115 F. Supp. 3d 1090
N.D. Cal.2015Background
- Plaintiffs (seven named) brought a putative TCPA class action alleging Uber sent recruiting text messages without their prior express consent; some plaintiffs allege messages continued after they revoked consent.
- Plaintiffs split into Class A (two individuals who never interacted with Uber) and Class B (five individuals who began Uber driver applications; only one completed the application).
- Uber moved to dismiss Class B claims, arguing that providing phone numbers during the application process constituted "prior express consent" under the TCPA (an affirmative defense apparent on the face of the complaint).
- The central legal questions were (1) whether the recruiting texts constituted "advertising/telemarketing" (which would require prior express written consent) and (2) whether providing a phone number during an incomplete online application qualifies as "providing" the number (i.e., prior express consent).

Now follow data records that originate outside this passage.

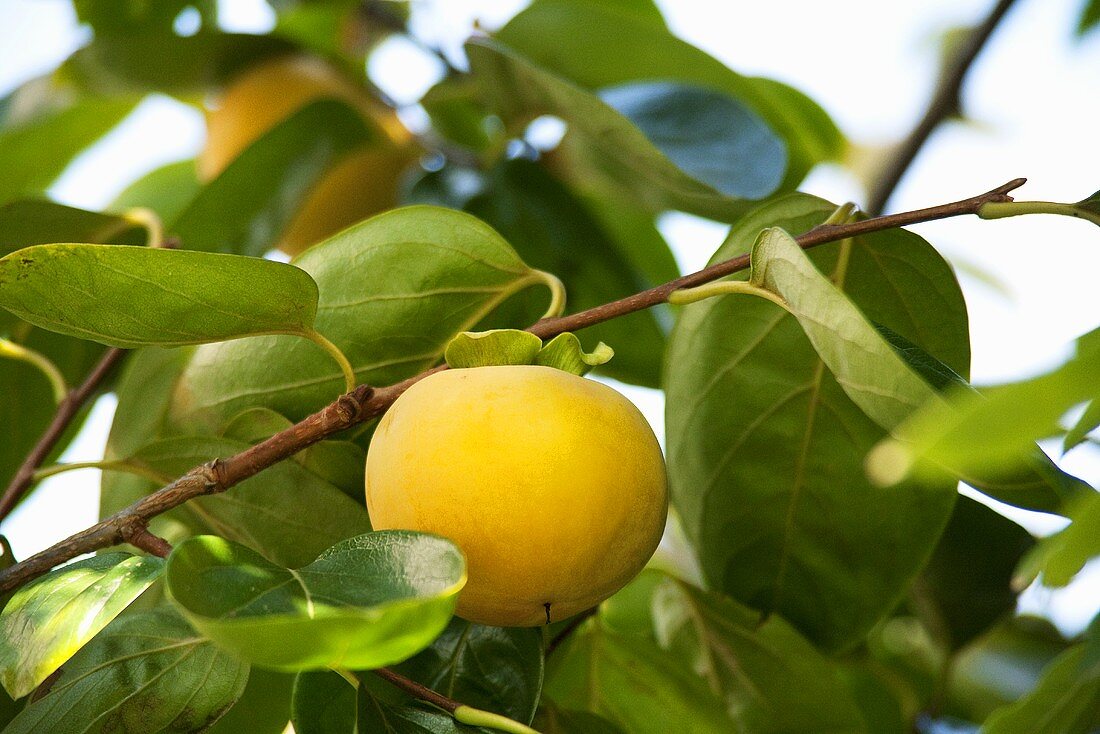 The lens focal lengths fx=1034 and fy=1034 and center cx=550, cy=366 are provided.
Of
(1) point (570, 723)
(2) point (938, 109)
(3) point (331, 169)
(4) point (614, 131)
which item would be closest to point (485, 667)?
(1) point (570, 723)

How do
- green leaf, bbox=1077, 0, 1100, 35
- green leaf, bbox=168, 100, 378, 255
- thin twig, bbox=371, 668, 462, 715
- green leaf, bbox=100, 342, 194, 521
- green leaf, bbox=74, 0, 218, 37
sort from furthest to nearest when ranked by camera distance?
1. green leaf, bbox=74, 0, 218, 37
2. green leaf, bbox=1077, 0, 1100, 35
3. green leaf, bbox=168, 100, 378, 255
4. green leaf, bbox=100, 342, 194, 521
5. thin twig, bbox=371, 668, 462, 715

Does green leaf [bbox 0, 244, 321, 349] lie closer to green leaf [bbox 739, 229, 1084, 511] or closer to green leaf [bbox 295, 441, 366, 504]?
green leaf [bbox 295, 441, 366, 504]

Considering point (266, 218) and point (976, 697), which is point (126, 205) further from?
point (976, 697)

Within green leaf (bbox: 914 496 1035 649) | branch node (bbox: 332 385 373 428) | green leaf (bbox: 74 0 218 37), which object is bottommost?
green leaf (bbox: 914 496 1035 649)

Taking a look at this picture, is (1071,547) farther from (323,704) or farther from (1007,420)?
(323,704)

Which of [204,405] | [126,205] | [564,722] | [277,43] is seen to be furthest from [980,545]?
[126,205]

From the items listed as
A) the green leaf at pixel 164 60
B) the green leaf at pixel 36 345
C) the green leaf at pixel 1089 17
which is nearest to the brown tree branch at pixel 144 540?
the green leaf at pixel 36 345

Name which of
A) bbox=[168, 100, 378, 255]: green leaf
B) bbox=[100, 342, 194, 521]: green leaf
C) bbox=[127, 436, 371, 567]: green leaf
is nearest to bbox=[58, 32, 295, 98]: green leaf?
bbox=[168, 100, 378, 255]: green leaf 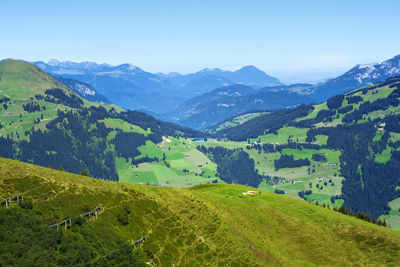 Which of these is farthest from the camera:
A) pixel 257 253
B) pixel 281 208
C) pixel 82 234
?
pixel 281 208

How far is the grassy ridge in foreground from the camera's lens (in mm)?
81562

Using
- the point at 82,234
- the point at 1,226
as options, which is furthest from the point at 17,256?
the point at 82,234

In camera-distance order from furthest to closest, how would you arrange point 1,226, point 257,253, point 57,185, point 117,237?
point 257,253 → point 57,185 → point 117,237 → point 1,226

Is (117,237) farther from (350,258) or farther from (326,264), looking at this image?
(350,258)

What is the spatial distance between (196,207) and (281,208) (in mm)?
42403

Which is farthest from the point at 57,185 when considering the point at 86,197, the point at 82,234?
the point at 82,234

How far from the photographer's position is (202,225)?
10412cm

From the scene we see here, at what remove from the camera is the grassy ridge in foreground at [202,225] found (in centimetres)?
8156

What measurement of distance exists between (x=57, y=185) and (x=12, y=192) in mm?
11883

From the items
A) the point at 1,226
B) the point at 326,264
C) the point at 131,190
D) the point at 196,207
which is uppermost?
the point at 1,226

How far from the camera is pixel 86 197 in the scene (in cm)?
8819

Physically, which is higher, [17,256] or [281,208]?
[17,256]

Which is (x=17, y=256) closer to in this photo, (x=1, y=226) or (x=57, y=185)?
(x=1, y=226)

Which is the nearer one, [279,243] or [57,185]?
[57,185] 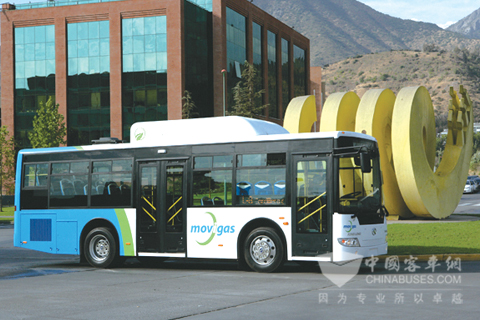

- The Court treated the complaint allegations as true, requested supplemental briefing about what it means to have "provided" a number per FCC precedent, and considered whether plaintiffs effectively revoked consent.
Issues
| Issue | Plaintiff's Argument | Defendant's Argument | Held |
|---|---|---|---|
| Whether recruiting texts are "advertising" or "telemarketing" under TCPA | Texts are recruiting/job-related, not ads promoting goods/services | Texts are not ads; even if commercial, they are recruitment messages outside the advertisement/telemarketing definitions | Held: Texts are recruiting messages, not advertisements/telemarketing; only prior express consent (not written) is required |
| Whether providing phone number during (incomplete) driver application = prior express consent | Starting but not completing application does not show knowing release/"providing" number | Submission of number during application process constitutes prior express consent | Held: For the plaintiff who completed the application (Reardon) consent is established; for those who only began but did not complete, the face of the complaint does not show they "provided" their numbers — denial of dismissal as to those plaintiffs |
| Whether FCC precedent equates giving a number with consent | Plaintiffs urge a stricter reading of "express" consent (must be clear/unmistakable) | Uber relies on 1992 FCC Order (and subsequent FCC guidance) that providing number constitutes consent | Held: Court follows FCC interpretation that giving a number (knowingly releasing it) can constitute express consent; but whether each plaintiff did so is a factual question not resolved on the complaint for most Class B plaintiffs |
| Whether consent can be revoked and texts after revocation violate TCPA | Plaintiffs (Grindell, Reilly, Bartolet) allege they revoked consent and still received texts | Uber argues messages prior to revocation are insulated by prior consent | Held: Consent can be revoked; plaintiffs' allegations of revocation suffice to survive dismissal as to post-revocation messages |
Key Cases Cited
- Satterfield v. Simon & Schuster, Inc., 569 F.3d 946 (9th Cir. 2009) (defines "express consent" as clearly and unmistakably stated)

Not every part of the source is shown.